While older consumers are not necessarily vulnerable, they are more likely than other groups to experience vulnerability at some point. This is particularly the case for those aged 75 years and over who represent the fastest growing segment of the UK population overall. We focused on the issues where regulation and financial services firms can play a role and make a difference.
We have set out some ideas for firms to consider in ways that fit their business models, such as looking at product and service design, customer support, and reviewing and adapting strategies.
We explore particular findings and ideas around understanding older consumers, engagement with retail banking, third party access and planning ahead, later life lending, and long term care.
We have published two pieces of commissioned research by the Big Window to support firms in understanding the needs, circumstances, experiences and preferences of older consumers:
The recommendations made in these reports are those of the Big Window, not the FCA. They do not constitute FCA rules, guidance, policy or other form of instruction to the industry.
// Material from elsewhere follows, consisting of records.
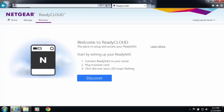Welcome to the world of ReadyNAS. Today I'll be demonstrating how to discover and install your ReadyNAS using ReadyCloud.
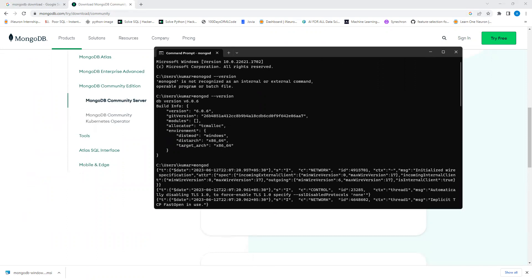In this way you can verify that MongoDB is successfully installed on your system. I hope you liked this video. If you have any questions, please let me know. Thank you.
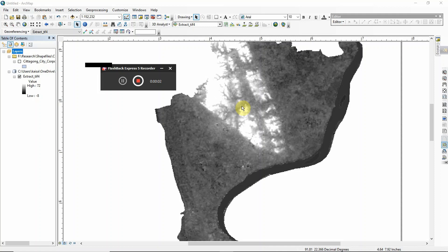Hello everyone, welcome to my YouTube channel. In this tutorial I'm going to show you how you can create a topographic profile and a contour map in ArcMap. So let's get started.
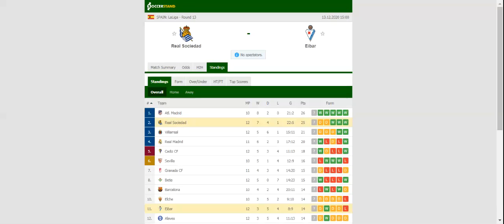After dropping two points in a goalless draw with fellow Basque side Alaves, Real Sociedad will be aiming to regain top position in La Liga's standings when they take on Eibar on matchday 30.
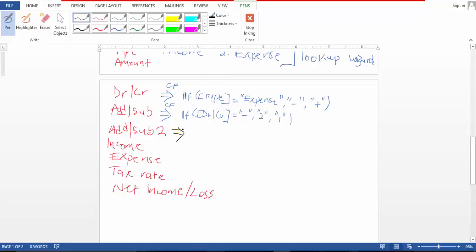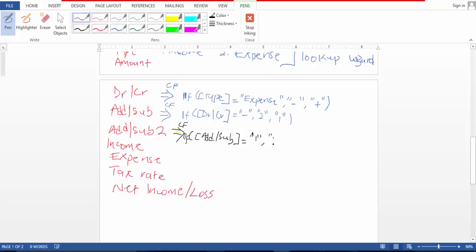And adds up to, it's a calculated field and it is if that sub equals, you know what that means. One, put one. Else put negative one. Something like that. And you close it.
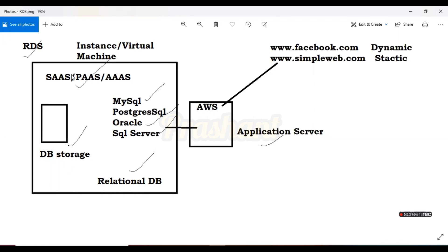If anyone asks in an interview whether you have worked on RDS, you can say yes and explain: we launched an application on the EC2 instance; that application was dynamic, so we required a supporting database. AWS provides different kinds of supporting databases; we used the relational database called RDS. RDS is an instance — a virtual machine where AWS provides everything on that platform. We associate that platform with our EC2 instance, that's why it's called Platform as a Service. Once the application server is connected with RDS, we can easily handle dynamic requests — upload, download, or post — and that information is stored in the database.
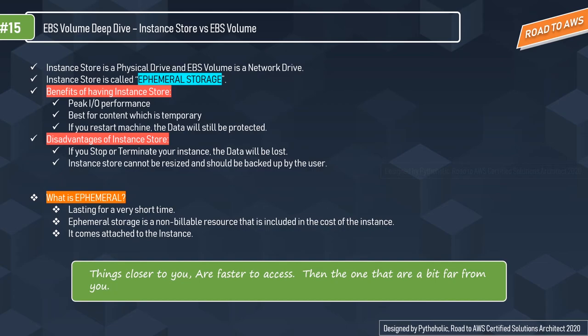Instance store is also called ephemeral storage. Ephemeral means something that lasts for a very short time — like a plant that grows flowers and then dies in a few days. Similarly, ephemeral storage provides temporary block-level storage for your instance.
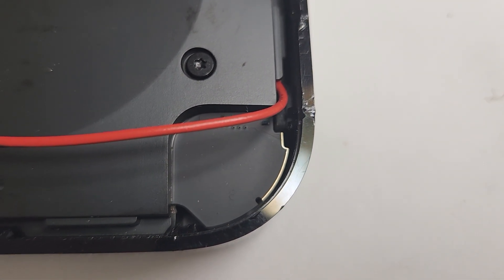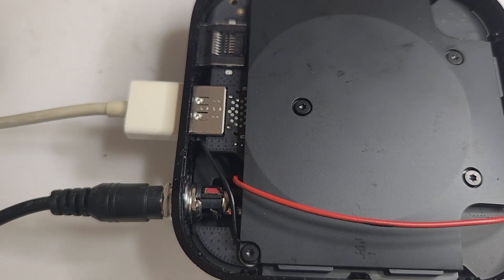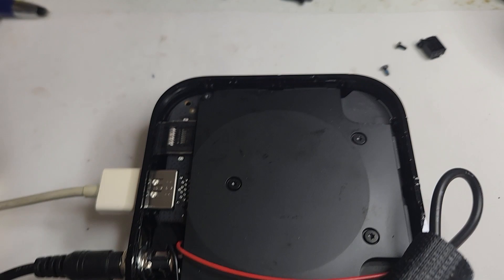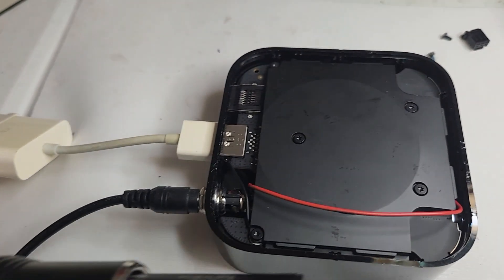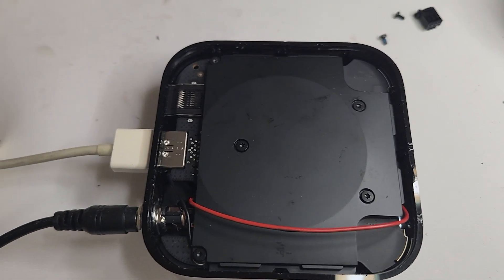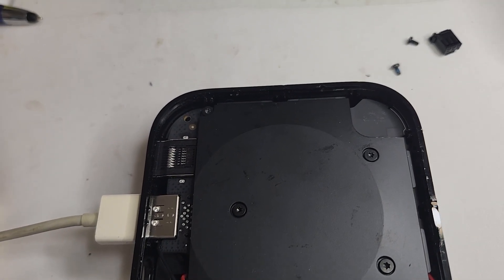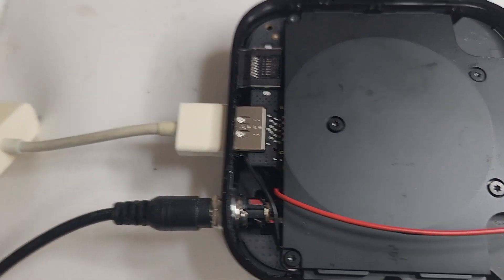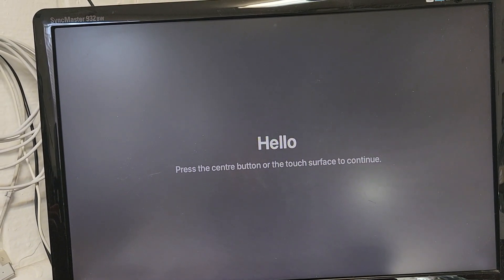And there you have it, folks. Understanding the difference between AC and DC power is crucial for anyone dealing with electronics. We hope this video has shed light on this essential topic. If you found it helpful, give us a thumbs up, subscribe, and hit that notification bell for more educational tech content. Connect with us on social media for updates, and let us know in the comments if you've ever encountered power-related issues with your devices. Got an idea for another DIY project? Let us know. Thanks for tuning in, and as always, tech responsibly.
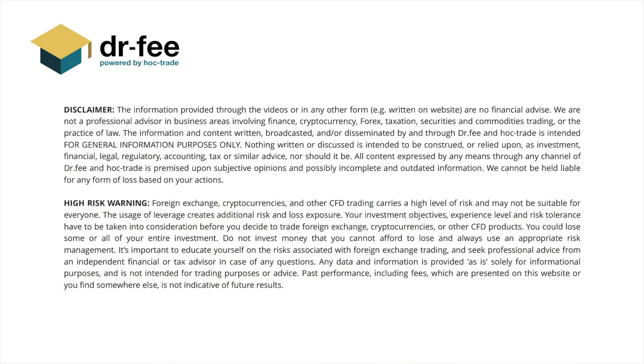First things first, please be aware that we at Dr. Fee are no financial advisor. This video is for entertainment purposes only.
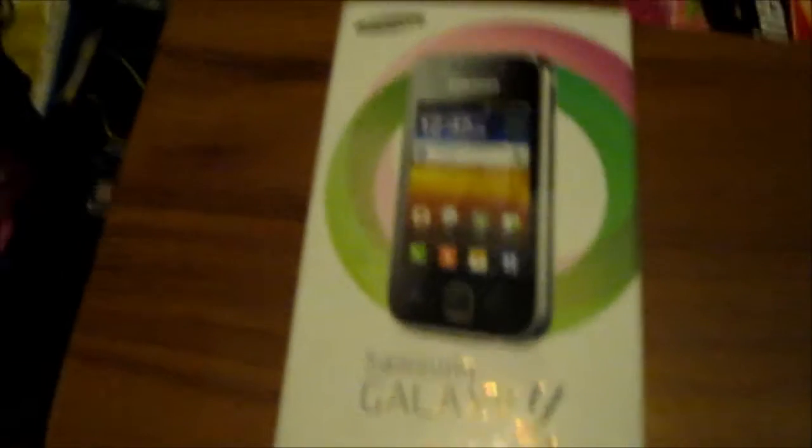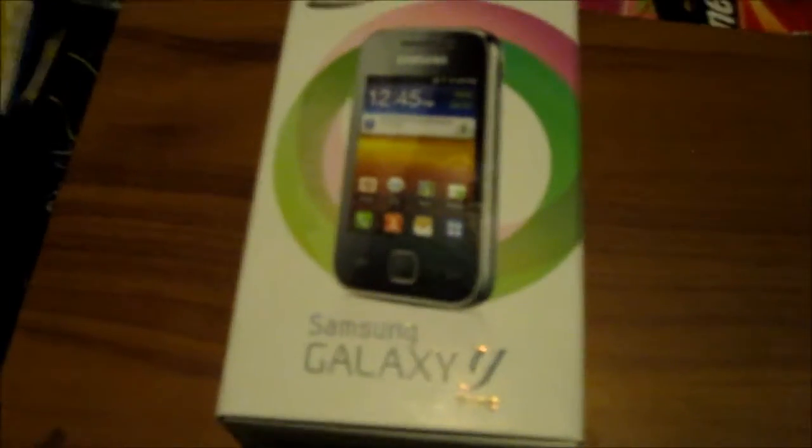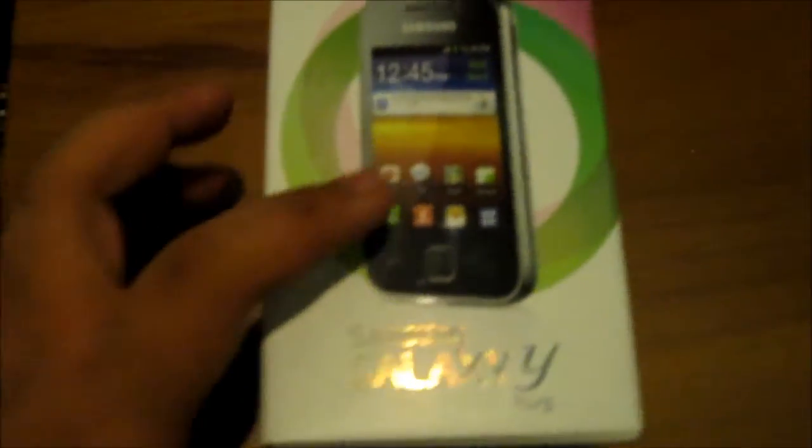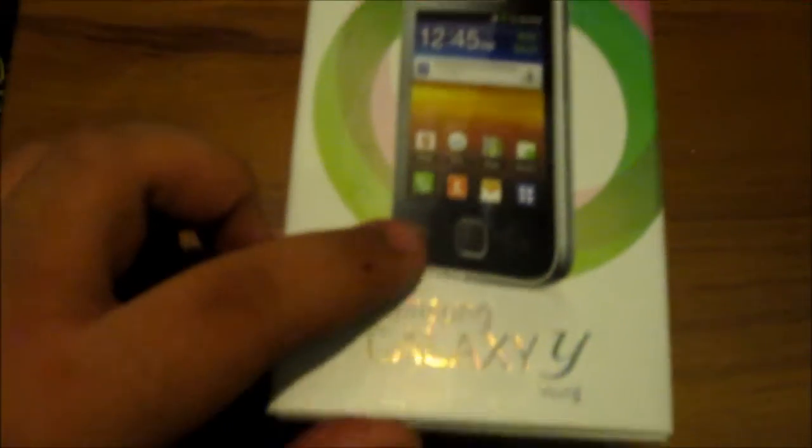I am Clarence and welcome to Unboxing Express. Today we're going to unbox the Samsung Galaxy Y.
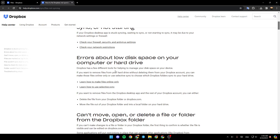If you want to remove files from your hard drive without deleting them from your Dropbox account, you can make those files online only, or use selective sync to choose which Dropbox folders sync to your hard drive.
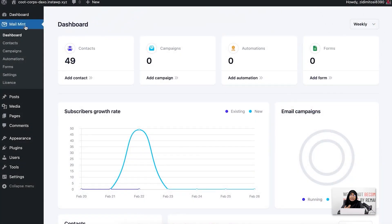For creating an email sequence campaign, you need MailMint free and pro installed and activated on your WordPress dashboard. You can see that I've already done that.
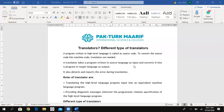The translator takes the source code as input, then converts it — translates it — into the target language as output. It also detects and reports errors during translation. The second task of a translator is that it can detect errors inside the program and report those errors.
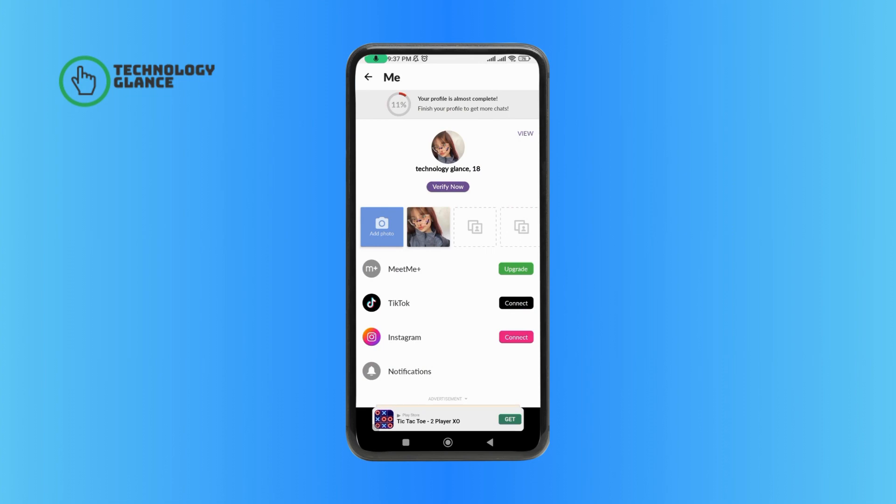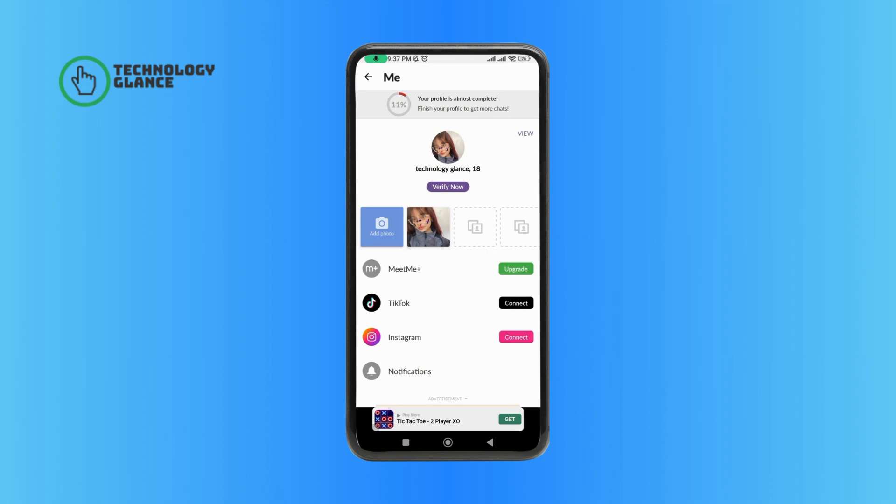And this is how you can upload a photo on the MeetMe application. Thanks for watching Technologic Lands. If you like this video, hit the like button and drop a comment with any questions or feedback. If you are new, subscribe and click the bell icon to stay updated on our future videos.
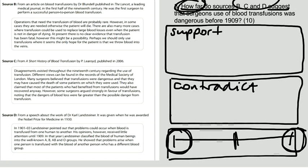So in this case we have three sources. The first source is written by Dr. Blundell, who is the first person to do blood transfusions. And he says operations that need the transfusion of blood are probably rare. However, in some cases they are needed, otherwise the patient will die.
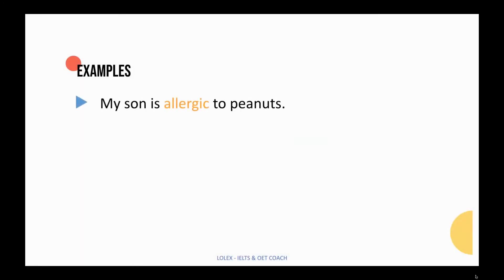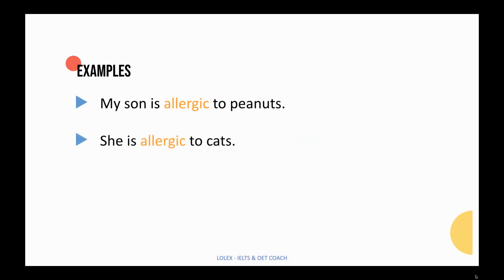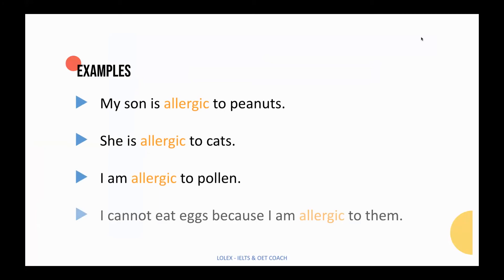My son is allergic to peanuts. She is allergic to cats. I am allergic to pollen. I cannot eat eggs because I am allergic to them.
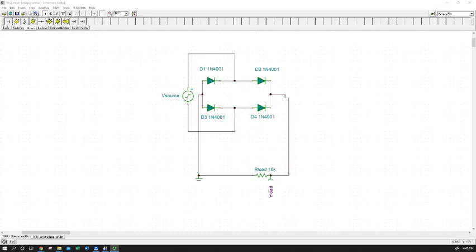Hello semiconductor students. In this video demo I'm going to be showing you how to use the TINA TI circuit simulation software to predict the outcome of a voltage regulator.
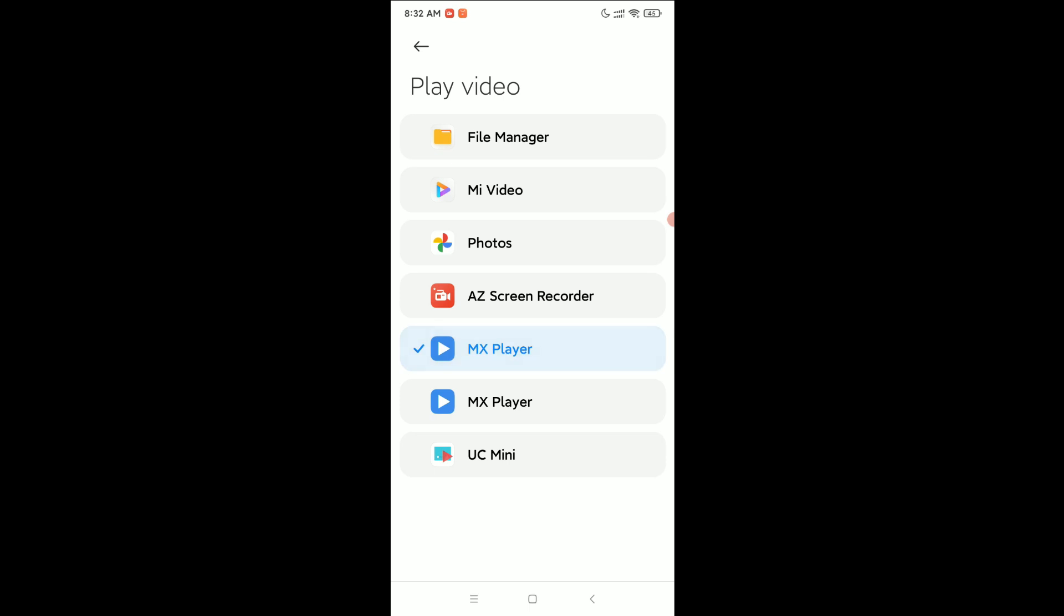And now MX Player is your default video player. I hope you can understand, and I hope this video can help you. Don't forget to like and subscribe to my channel.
These pieces of research have been published alongside our Occasional Paper to support firms in understanding the needs, circumstances, experiences and preference of older consumers. This should in turn support the development of retail financial products and services that meet the complex and changing needs of this diverse group of consumers.
These issues will require action from multiple parties to address over time. In many cases, solutions do not lie within the remit of any one party.
We have considered who might be best placed to address the gaps to improve financial markets for older people including other bodies who might be better placed to take forward topics outside our remit. We anticipate a further review in three to five years of how the financial services industry is adapting to meet the needs of older consumers.